サニー文庫1/25版

竹内佳代がスタジオスツールで、毎月第4土曜日の10:00~12:00にSUNNY BUNKO(家庭文庫)を開いています。

次回のサニー文庫は 2月27日(土)10:00 - 12:00

*マスクの着用とアルコール消毒にご協力をお願いします。

「えぇーっ!」思わず声が出た。安野光雅さんが昨年12/24に亡くなられていたことが新聞に載っていた。ここ数年、大好きな方が旅立ってゆかれる。私が40年以上前に出会った絵本を作られていた方々なので、ご年齢を考えると早すぎるわけではないのだけれど、90代になってからもご活躍されていたので、なんだかずっと活動を観ていられるような気になっていた。涙がでてしまう。安野さんの絵本と出会ったのは小学校の図書室。「旅の絵本」をパラリとめくって、文字がなくて風景が続くのを見て棚に返したことを覚えている。でもその後、「ふしぎなえ」に出会い絵の中の小人を追いかけて “あれ?” “どうして?” と思っているうちに安野さんの世界へ。溢れる情報や人の意見に惑わされずに生きるにはどうすればよいかを安野さんの発想で綴られたエッセイ「かんがえる子ども」では、安野さんが幼い頃に遊んでいた鏡の遊びが不思議の世界の入り口であったと書いてあった。それを読んだとき、私も小さい頃鏡を持って家の中を探検(歩く)するのが面白かったことを思い出した。
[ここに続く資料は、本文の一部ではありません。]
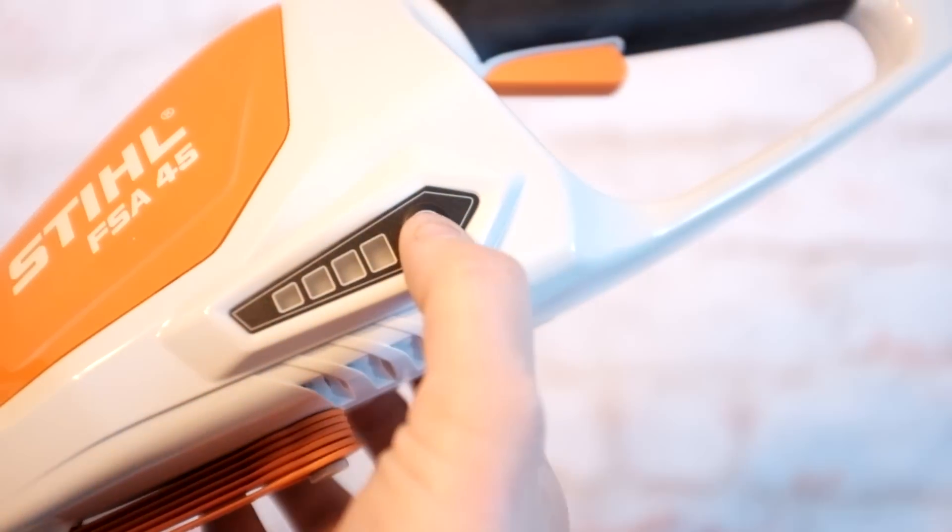The FSA45 is the entry-level trimmer in Steele's new Gardener series — a lineup of lithium-ion battery tools. This one has an integrated 18-volt battery and has a port for you to charge the battery once it's been depleted. You can also press this button to get an idea of how much run time you have left on that charge.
『絵本作家のアトリエ』という1-3までの本の2に安野さんが登場されている。沢山の作家さんのアトリエが写真で見られる本なのですが、安野さんはアトリエを一切公開されておらず、安野さんの故郷、島根県の津和野にある「安野光雅美術館」の中に再現されているアトリエが載っています。インタビューの終わりの言葉。“最後に一つだけ言わせてくれない?これを言ったら、今日話した他のことなんて、なにも載せなくていいからさ。” “子どもたちに、もっと、たくさん本を読んでほしいんだ。” それからちょっと照れたように笑われて “こう言葉にしてしまうと月並みだし、陳腐な感じになるから、難しいね。それに子どもに『読みなさい!』ってストレートに言うと、逆に本嫌いになっちゃうかもしれないし、どう言うのがいいのかな。とにかく自分で考えるくせをつけてほしいんだ。誰か偉い人がそう言ってたからとか、テレビで言ってたからとか、判断を他人に任せるのはよくないよ。でも自分で考えるためには、日ごろの訓練が必要だからね。いきなり考えろ、って言っても無理。楽器の勉強は幼いうちにしないとダメだと言うでしょう。文字も楽譜も考える訓練も、小学生のうちにやっておかないと身につかないのです。頭がやわらかいうちにたくさんの本を読んで、世の中にはいろんな考えがあることを知っておいてほしい。” 一息に話しゃべると水を口に運ばれて “それに、ほら、考える人が減ってしまうと、ぼくの絵本がわからないって人も増えちゃうからね(笑)”。「母の友」2006年12月掲載

写真の右側は京都・久美浜町にある美術館「森の中の家・安野光雅館」3月には本格的な追悼展が予定されているそうです。